## Provided data
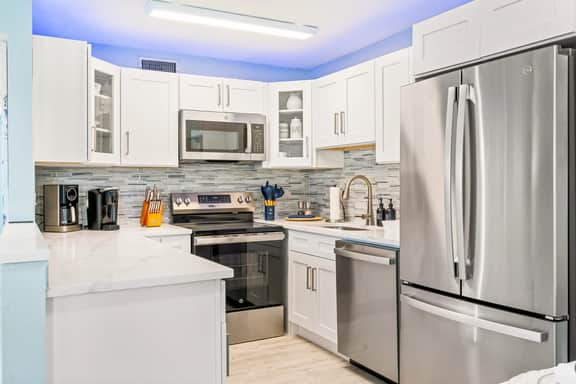 Coastal Boutique Unit 1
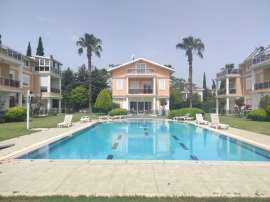 Villa in Kadriye, Belek with pool - buy realty in Turkey - 108043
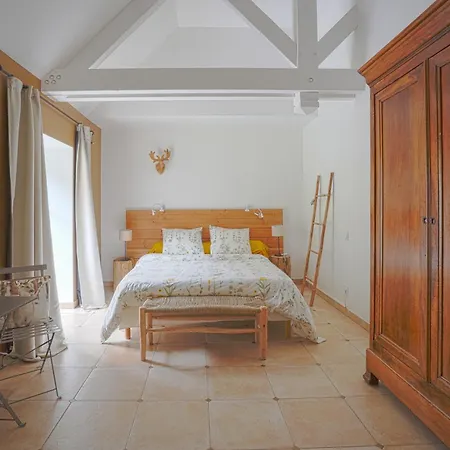 La Grange De Fonclause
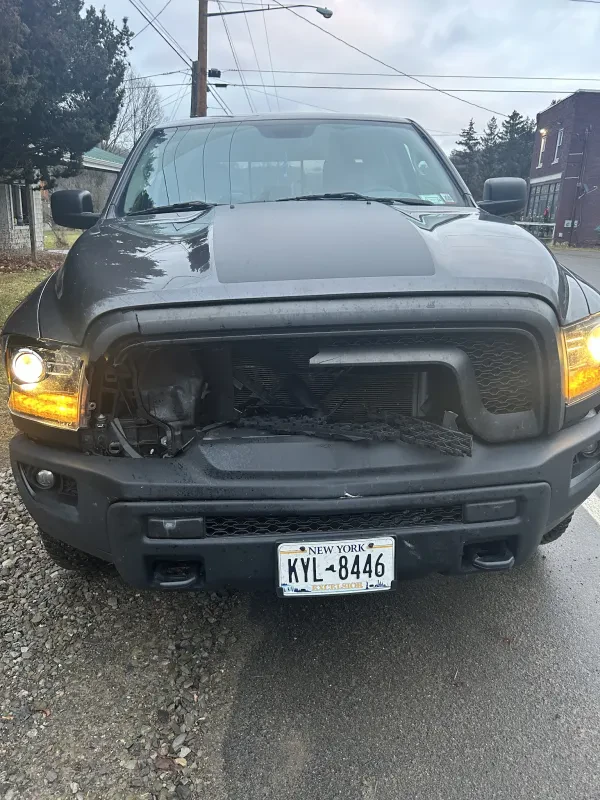 McCourts Auto Collision - photo 2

## The task
Please write out all the data word for word, but keep every picture out.

## Solution below
 Coastal Boutique Unit 1
 Villa in Kadriye, Belek with pool - buy realty in Turkey - 108043
 La Grange De Fonclause
 McCourts Auto Collision - photo 2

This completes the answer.